> _What is required_:
Retype the line with "2016 Honda Pilot EX-L" exactly. Then retype every line after it through the end of the entries below, and nothing more, leaving out pictures.

> _Information shown_:
+ + + + + + +

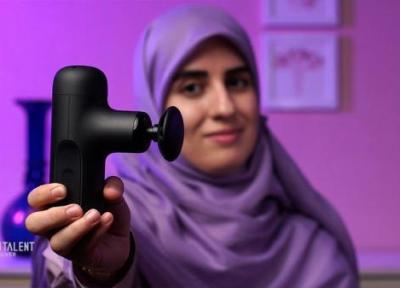 آنالیز ماساژور برقی تک لاو؛ ماساژ ضربه ای با قدرت بالا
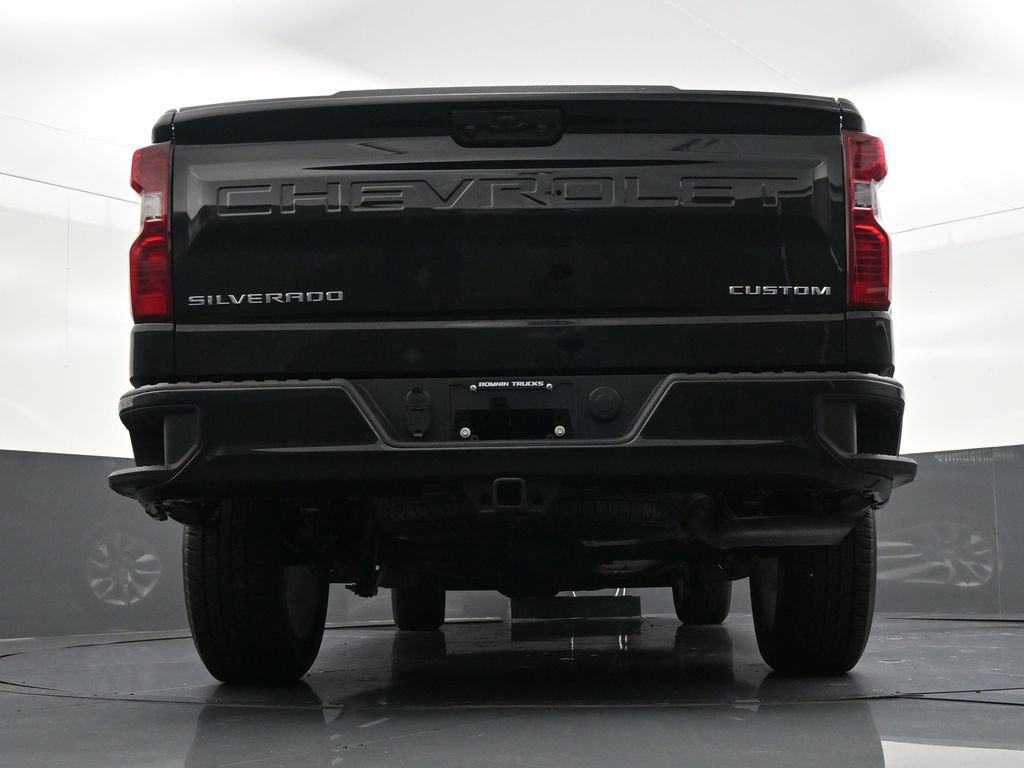 Used 2026 Chevrolet Silverado 1500 Custom image 28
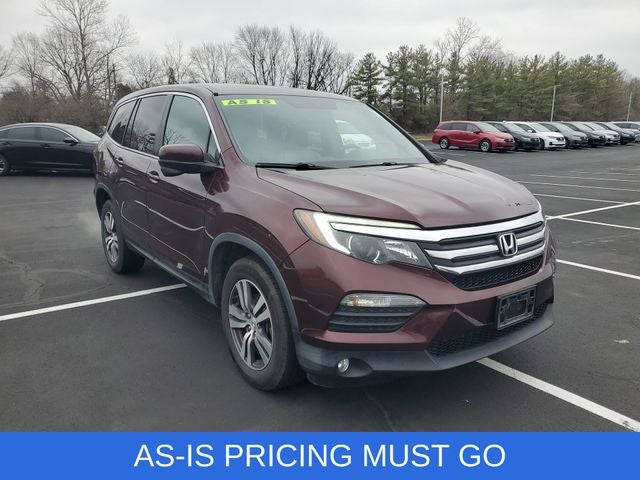 2016 Honda Pilot EX-L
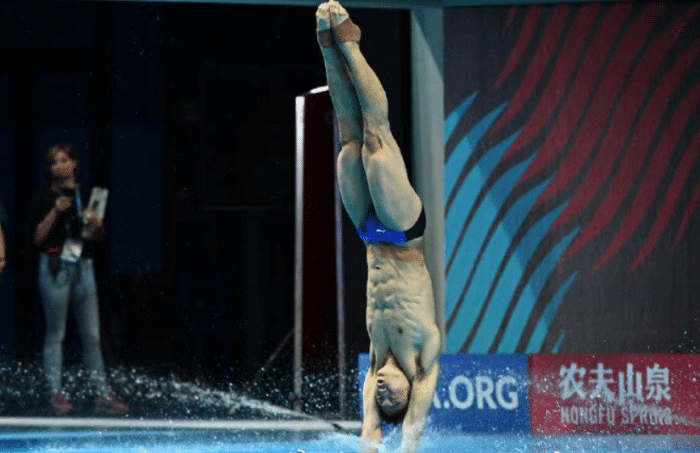 世锦赛中国夺金狂潮继续：3金王呼之欲出，全红婵誓夺双冠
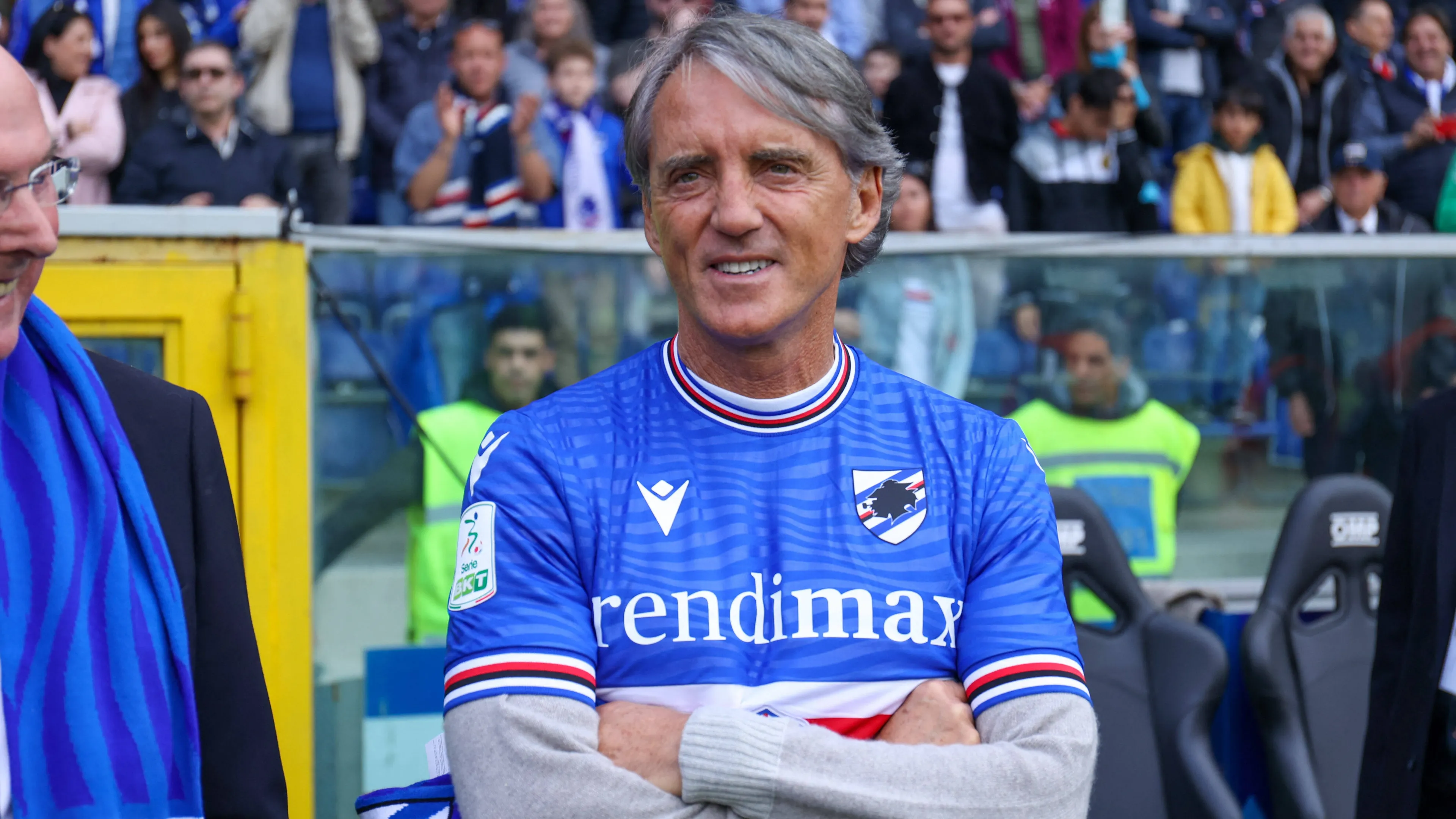 La rivelazione di Mancini: ha confessato la sua prossima squadra agli amici. Si tratta di uno sgarbo a una sua ex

+ + + + + + +

> _Response below_:
 2016 Honda Pilot EX-L
 世锦赛中国夺金狂潮继续：3金王呼之欲出，全红婵誓夺双冠
 La rivelazione di Mancini: ha confessato la sua prossima squadra agli amici. Si tratta di uno sgarbo a una sua ex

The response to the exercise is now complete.